→ **GOAL OF THE EXERCISE**
Once you find the line with "Cartoon: Hausaufgaben (medium)" in the data below, transcribe exactly each line from there to the line with "Stazione Elettrica Verde", inclusive, and nothing else. Drop the pictures.

____ PROVIDED DATA

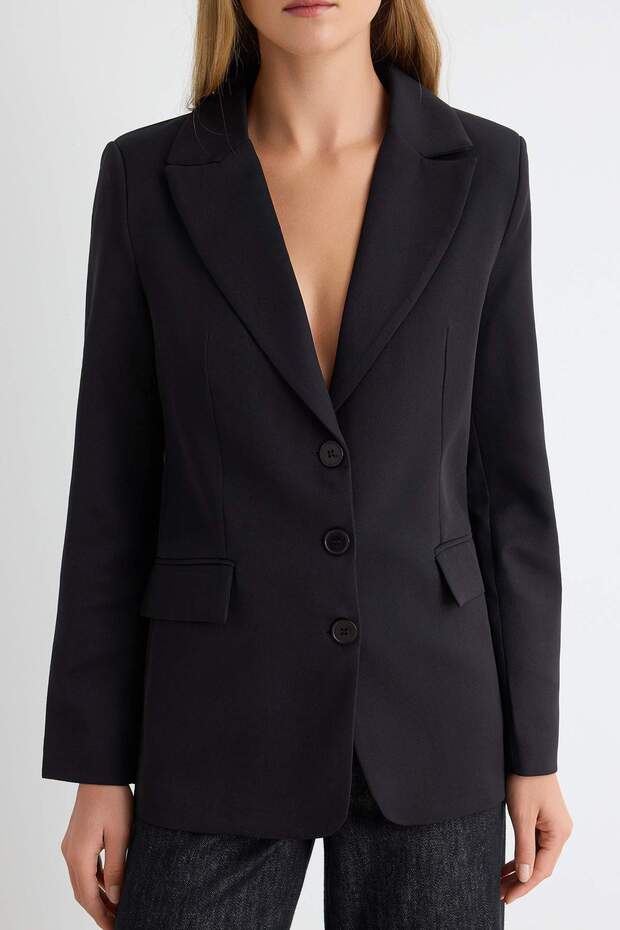 Siyah Regular Astarlı Düğmeli Dokuma Blazer Ceket TWOAW22CE0168 - 3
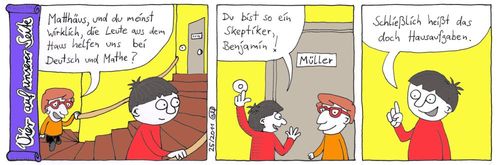 Cartoon: Hausaufgaben (medium) by weltalf tagged hausaufgabe,schule,nachbarn,mietshaus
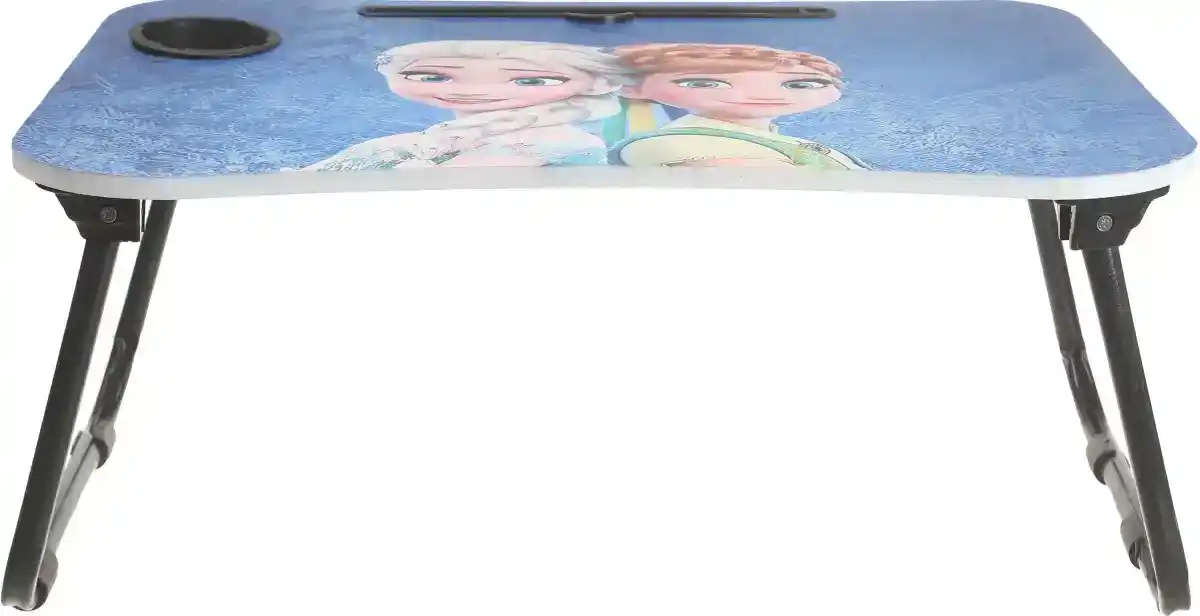 ترابيزة لاب توب ثري دي خشب بأرجل معدن العالمية، سهلة الطى، 60×40 سم - ازرق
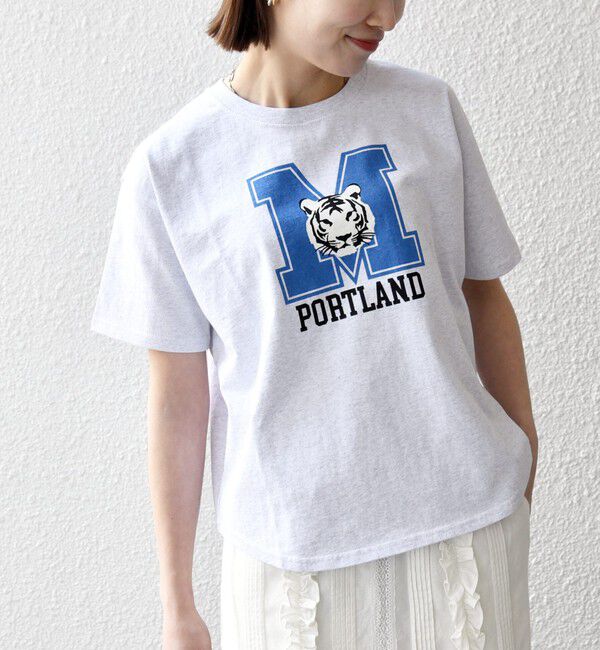 SHIPS any「《予約》【SHIPS any別注】THE KNiTS:〈洗濯機可能〉ラウンドヘム プリント ショート TEE 26SS」|Tシャツ・カットソー|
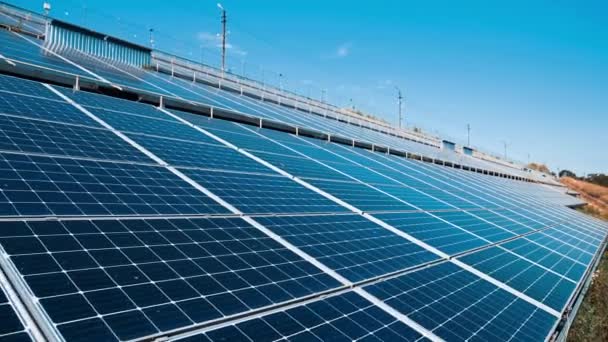 Stazione Elettrica Verde Ecologia Luce Solare Campi Energia Paesaggio Energia — Video Stock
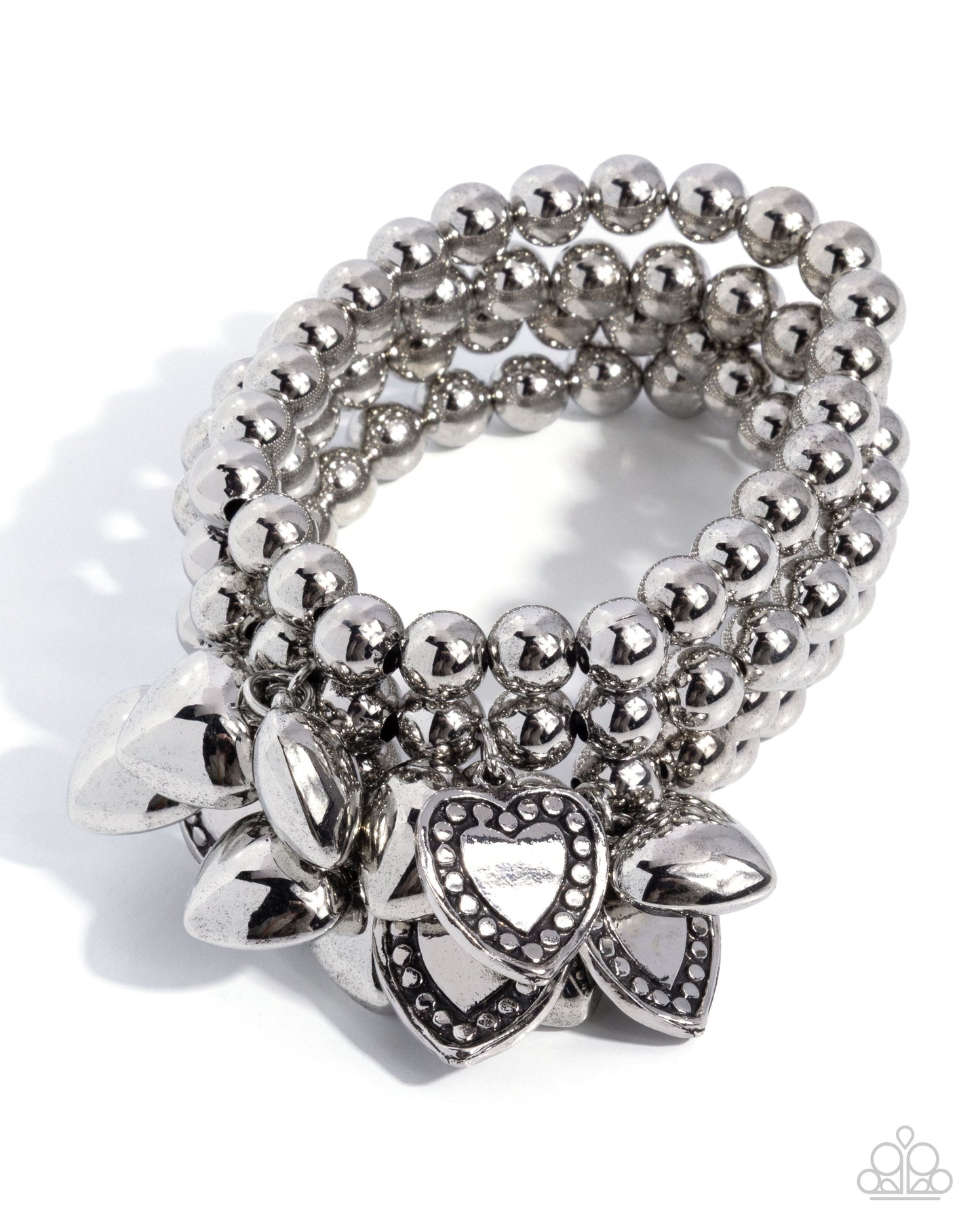 Affectionate Acclaim Silver Heart Stretch Bracelet - Paparazzi Accessories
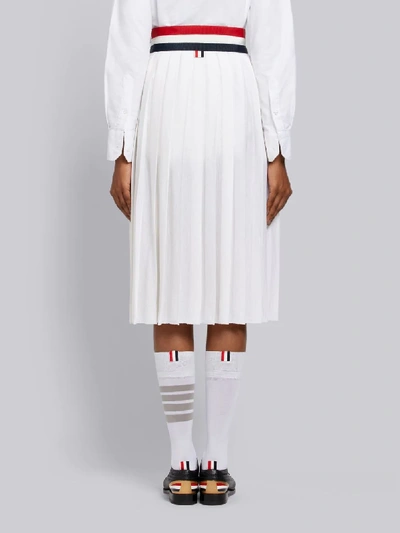 Shop Thom Browne Rwb Grosgrain Waistband Wool Skirt In White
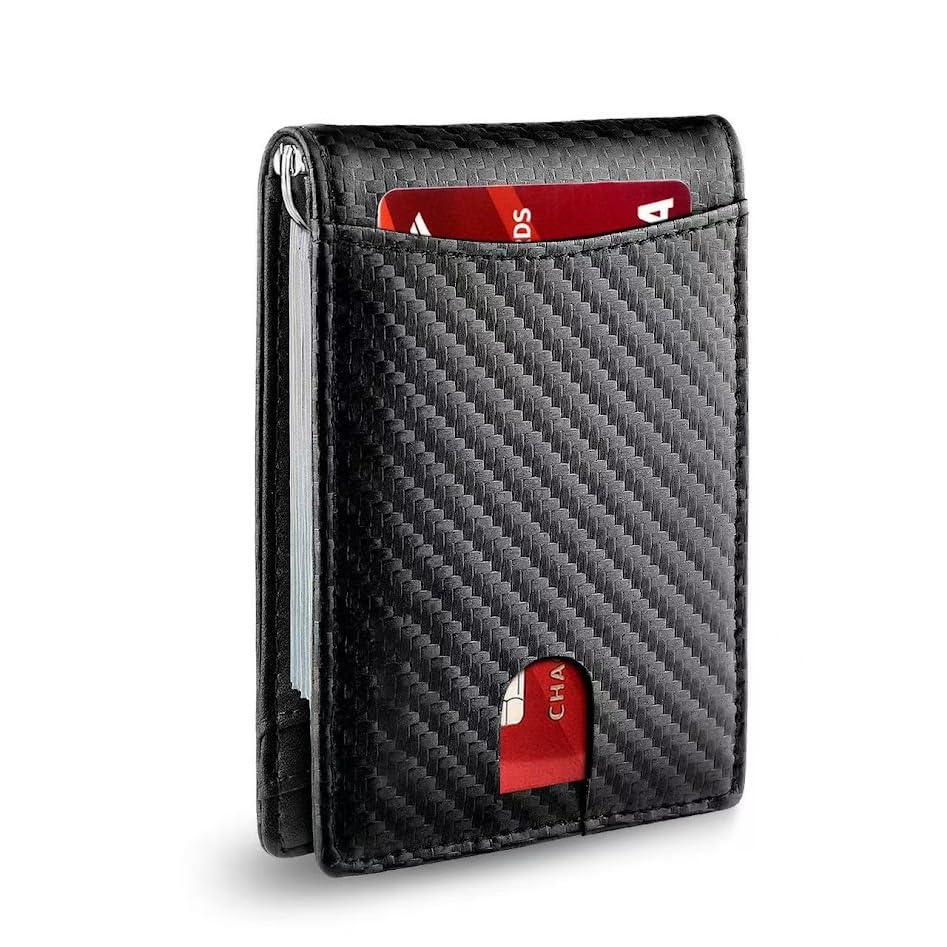 Portefeuille minimaliste homme pour costume et voyage en fibre de carbone bifold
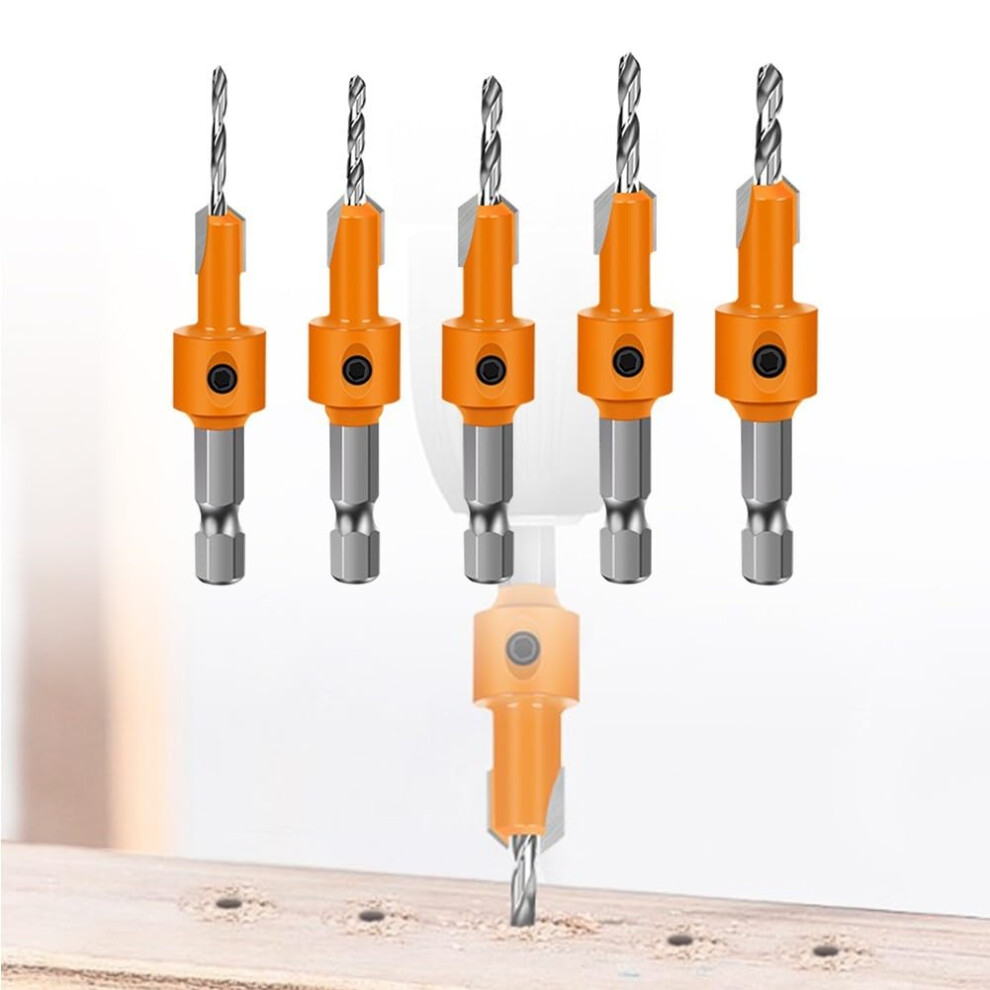 Countersink Drill Bit Set, Hex Shank, 5 Sizes, For Woodworking Applications 9119770311894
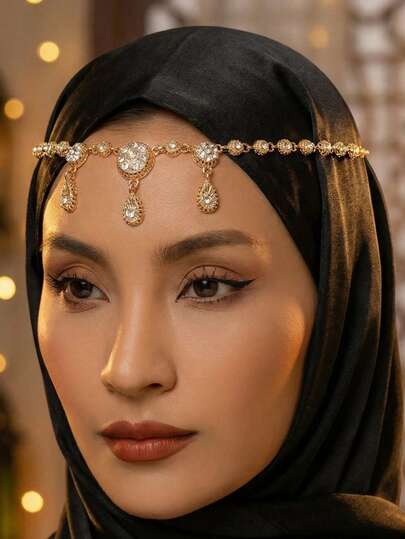 1pc Arabic Bride Wedding Hair Accessory, Women's Rhinestone Teardrop Pendant Hair Chain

________

→ **RESPONSE TO THIS TASK**
 Cartoon: Hausaufgaben (medium) by weltalf tagged hausaufgabe,schule,nachbarn,mietshaus
 ترابيزة لاب توب ثري دي خشب بأرجل معدن العالمية، سهلة الطى، 60×40 سم - ازرق
 SHIPS any「《予約》【SHIPS any別注】THE KNiTS:〈洗濯機可能〉ラウンドヘム プリント ショート TEE 26SS」|Tシャツ・カットソー|
 Stazione Elettrica Verde Ecologia Luce Solare Campi Energia Paesaggio Energia — Video Stock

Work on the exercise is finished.